— TASK —
Once you have read the entries below, give them all again without any difference.

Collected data
[Start of Attachment]
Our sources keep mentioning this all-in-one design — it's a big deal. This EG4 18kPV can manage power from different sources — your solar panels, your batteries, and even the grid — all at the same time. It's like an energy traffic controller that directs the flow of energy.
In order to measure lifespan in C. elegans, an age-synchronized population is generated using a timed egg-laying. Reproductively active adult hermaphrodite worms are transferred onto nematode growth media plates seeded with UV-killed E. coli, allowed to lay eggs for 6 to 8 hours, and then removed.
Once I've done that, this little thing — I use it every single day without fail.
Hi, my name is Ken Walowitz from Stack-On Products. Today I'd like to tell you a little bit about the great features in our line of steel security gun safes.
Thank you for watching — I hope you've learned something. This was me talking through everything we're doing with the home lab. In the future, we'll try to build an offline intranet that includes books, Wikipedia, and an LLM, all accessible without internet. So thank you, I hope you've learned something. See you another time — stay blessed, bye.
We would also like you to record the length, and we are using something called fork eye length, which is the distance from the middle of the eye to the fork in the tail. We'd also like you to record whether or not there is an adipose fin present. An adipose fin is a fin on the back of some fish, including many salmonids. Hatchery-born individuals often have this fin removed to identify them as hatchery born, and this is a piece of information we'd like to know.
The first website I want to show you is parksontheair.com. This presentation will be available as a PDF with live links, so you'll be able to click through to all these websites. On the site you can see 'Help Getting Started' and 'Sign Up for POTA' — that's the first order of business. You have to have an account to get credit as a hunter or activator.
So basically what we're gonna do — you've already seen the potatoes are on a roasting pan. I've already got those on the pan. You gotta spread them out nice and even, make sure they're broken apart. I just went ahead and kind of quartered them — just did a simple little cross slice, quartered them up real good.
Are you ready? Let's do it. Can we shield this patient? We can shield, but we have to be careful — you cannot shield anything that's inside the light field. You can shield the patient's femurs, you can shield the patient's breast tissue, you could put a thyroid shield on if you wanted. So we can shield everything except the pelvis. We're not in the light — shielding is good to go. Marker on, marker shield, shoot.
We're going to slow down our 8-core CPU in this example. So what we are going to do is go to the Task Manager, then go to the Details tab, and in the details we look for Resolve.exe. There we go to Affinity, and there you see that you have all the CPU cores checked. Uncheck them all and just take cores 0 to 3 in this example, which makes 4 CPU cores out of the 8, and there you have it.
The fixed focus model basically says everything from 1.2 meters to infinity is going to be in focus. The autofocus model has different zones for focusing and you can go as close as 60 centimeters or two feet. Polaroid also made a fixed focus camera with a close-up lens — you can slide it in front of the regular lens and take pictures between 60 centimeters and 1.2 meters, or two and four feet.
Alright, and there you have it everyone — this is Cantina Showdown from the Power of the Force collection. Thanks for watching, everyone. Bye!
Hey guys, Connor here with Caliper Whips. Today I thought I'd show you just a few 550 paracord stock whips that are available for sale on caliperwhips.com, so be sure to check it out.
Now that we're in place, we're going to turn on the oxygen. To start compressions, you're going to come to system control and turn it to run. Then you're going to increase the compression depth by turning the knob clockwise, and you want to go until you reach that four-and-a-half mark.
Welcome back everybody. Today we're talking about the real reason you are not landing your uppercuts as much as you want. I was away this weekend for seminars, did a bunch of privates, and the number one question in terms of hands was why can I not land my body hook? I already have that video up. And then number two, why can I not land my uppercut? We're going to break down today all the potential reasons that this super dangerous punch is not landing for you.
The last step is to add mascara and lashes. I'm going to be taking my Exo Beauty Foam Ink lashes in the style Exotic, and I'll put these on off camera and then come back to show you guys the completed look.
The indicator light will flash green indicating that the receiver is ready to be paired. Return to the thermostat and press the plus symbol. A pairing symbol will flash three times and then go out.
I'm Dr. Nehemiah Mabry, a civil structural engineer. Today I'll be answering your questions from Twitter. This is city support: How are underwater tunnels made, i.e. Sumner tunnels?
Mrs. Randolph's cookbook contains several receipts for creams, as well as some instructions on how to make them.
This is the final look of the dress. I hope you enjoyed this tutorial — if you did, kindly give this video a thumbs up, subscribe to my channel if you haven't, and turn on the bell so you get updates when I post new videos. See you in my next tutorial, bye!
[End of Attachment]
— YOUR RESPONSE —
Our sources keep mentioning this all-in-one design — it's a big deal. This EG4 18kPV can manage power from different sources — your solar panels, your batteries, and even the grid — all at the same time. It's like an energy traffic controller that directs the flow of energy.
In order to measure lifespan in C. elegans, an age-synchronized population is generated using a timed egg-laying. Reproductively active adult hermaphrodite worms are transferred onto nematode growth media plates seeded with UV-killed E. coli, allowed to lay eggs for 6 to 8 hours, and then removed.
Once I've done that, this little thing — I use it every single day without fail.
Hi, my name is Ken Walowitz from Stack-On Products. Today I'd like to tell you a little bit about the great features in our line of steel security gun safes.
Thank you for watching — I hope you've learned something. This was me talking through everything we're doing with the home lab. In the future, we'll try to build an offline intranet that includes books, Wikipedia, and an LLM, all accessible without internet. So thank you, I hope you've learned something. See you another time — stay blessed, bye.
We would also like you to record the length, and we are using something called fork eye length, which is the distance from the middle of the eye to the fork in the tail. We'd also like you to record whether or not there is an adipose fin present. An adipose fin is a fin on the back of some fish, including many salmonids. Hatchery-born individuals often have this fin removed to identify them as hatchery born, and this is a piece of information we'd like to know.
The first website I want to show you is parksontheair.com. This presentation will be available as a PDF with live links, so you'll be able to click through to all these websites. On the site you can see 'Help Getting Started' and 'Sign Up for POTA' — that's the first order of business. You have to have an account to get credit as a hunter or activator.
So basically what we're gonna do — you've already seen the potatoes are on a roasting pan. I've already got those on the pan. You gotta spread them out nice and even, make sure they're broken apart. I just went ahead and kind of quartered them — just did a simple little cross slice, quartered them up real good.
Are you ready? Let's do it. Can we shield this patient? We can shield, but we have to be careful — you cannot shield anything that's inside the light field. You can shield the patient's femurs, you can shield the patient's breast tissue, you could put a thyroid shield on if you wanted. So we can shield everything except the pelvis. We're not in the light — shielding is good to go. Marker on, marker shield, shoot.
We're going to slow down our 8-core CPU in this example. So what we are going to do is go to the Task Manager, then go to the Details tab, and in the details we look for Resolve.exe. There we go to Affinity, and there you see that you have all the CPU cores checked. Uncheck them all and just take cores 0 to 3 in this example, which makes 4 CPU cores out of the 8, and there you have it.
The fixed focus model basically says everything from 1.2 meters to infinity is going to be in focus. The autofocus model has different zones for focusing and you can go as close as 60 centimeters or two feet. Polaroid also made a fixed focus camera with a close-up lens — you can slide it in front of the regular lens and take pictures between 60 centimeters and 1.2 meters, or two and four feet.
Alright, and there you have it everyone — this is Cantina Showdown from the Power of the Force collection. Thanks for watching, everyone. Bye!
Hey guys, Connor here with Caliper Whips. Today I thought I'd show you just a few 550 paracord stock whips that are available for sale on caliperwhips.com, so be sure to check it out.
Now that we're in place, we're going to turn on the oxygen. To start compressions, you're going to come to system control and turn it to run. Then you're going to increase the compression depth by turning the knob clockwise, and you want to go until you reach that four-and-a-half mark.
Welcome back everybody. Today we're talking about the real reason you are not landing your uppercuts as much as you want. I was away this weekend for seminars, did a bunch of privates, and the number one question in terms of hands was why can I not land my body hook? I already have that video up. And then number two, why can I not land my uppercut? We're going to break down today all the potential reasons that this super dangerous punch is not landing for you.
The last step is to add mascara and lashes. I'm going to be taking my Exo Beauty Foam Ink lashes in the style Exotic, and I'll put these on off camera and then come back to show you guys the completed look.
The indicator light will flash green indicating that the receiver is ready to be paired. Return to the thermostat and press the plus symbol. A pairing symbol will flash three times and then go out.
I'm Dr. Nehemiah Mabry, a civil structural engineer. Today I'll be answering your questions from Twitter. This is city support: How are underwater tunnels made, i.e. Sumner tunnels?
Mrs. Randolph's cookbook contains several receipts for creams, as well as some instructions on how to make them.
This is the final look of the dress. I hope you enjoyed this tutorial — if you did, kindly give this video a thumbs up, subscribe to my channel if you haven't, and turn on the bell so you get updates when I post new videos. See you in my next tutorial, bye!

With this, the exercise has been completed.